Fig7. Goal-oriented representations #

(a) When confronted with the challenge of spotting bananas in a cluttered produce aisle, the subject may saccade to different locations with yellow objects (dashed trajectory) and compare the shape of the object at the attentional focus (circles) with a remembered object. Area V4 is thought to be important for all aspects of this process. (b) Size illusion. The retinal sizes of the two sasquatches in this image are identical, but the perceived sizes are dramatically different. This is because the surrounding context suggests that the sasquatch at right is farther away from the observer; thus, the same retinal size would imply a much larger sasquatch farther away.

Fig8. Interactions between the visual and frontal cortex during shape discrimination #

(a, b) Responses of two example V4 neurons that exhibit different response profiles to partially occluded shape stimuli. PSTHs in panel a exhibit two transient peaks (black and red bars), while those in panel b exhibit only one transient peak (black bar). During the first transient in both neurons, responses decline with increasing levels of occlusion (line colors; decreasing percent visible area). During the second transient in panel a, which may be based on feedback from frontal cortex, responses are stronger for intermediate levels of occlusion (for further details, see Fyall et al. 2017, Kosai et al. 2014). Adapted from Fyall et al. (2017) (CC-BY). (c, d) Psychometric and neurometric curves based on the data in panels a and b, respectively. In both, psychometric performance (dark gray dotted line) declines with increasing levels of occlusion. The neurometric curve based on a larger time window (orange line) shows improved performance at intermediate levels of occlusion for the neuron in panel a but not the one in panel b due to the enhanced shape selectivity for occluded stimuli during the second transient peak.

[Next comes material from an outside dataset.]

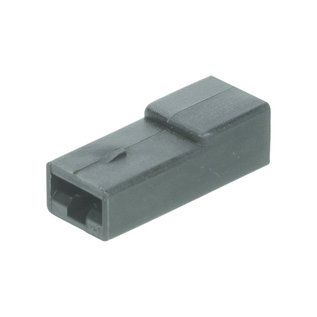 Cable-Engineer Multi-connector / multi-stekker voor vrouwelijke vlakstekerhuls - 1-pos. -  - 6,3 x 0,8mm -  Zwart
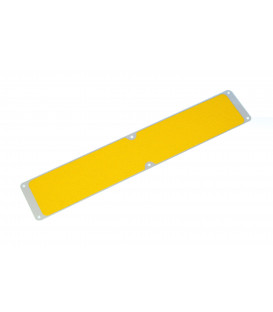 Hliníková protišmyková doska 115 mm x 635 mm, žltá, hrubozrnná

Fig9. Memory encoding in V4 #

Responses of an example neuron during the performance of a sequential shape-discrimination task are shown. Stimulus 1 was presented at central fixation (outside the receptive field of the neuron), followed by an inter-stimulus interval (ISI), and stimulus 2 was presented within the receptive field (RF). The animal had to report whether stimuli 1 and 2 were the same or different. Stimulus 1 and stimulus 2 could be shapes A or B, for a total of four conditions (for details, see Kosai et al. 2014). Responses of this neuron include three task-relevant pieces of information. First, the responses provide a sensory representation of stimulus 2 with stronger responses for shape A than shape B (compare the blue solid line and orange dashed line with the other two lines). Second, a memory representation of stimulus 1 is also evident during the ISI (blue arrow), with stronger responses when stimulus 1 was shape B (blue lines) rather than shape A (orange lines). Finally, responses also reflect whether stimuli 1 and 2 were the same or different with stronger responses during the presentation of stimulus 2 when stimuli 1 and 2 were different (solid lines, black arrows).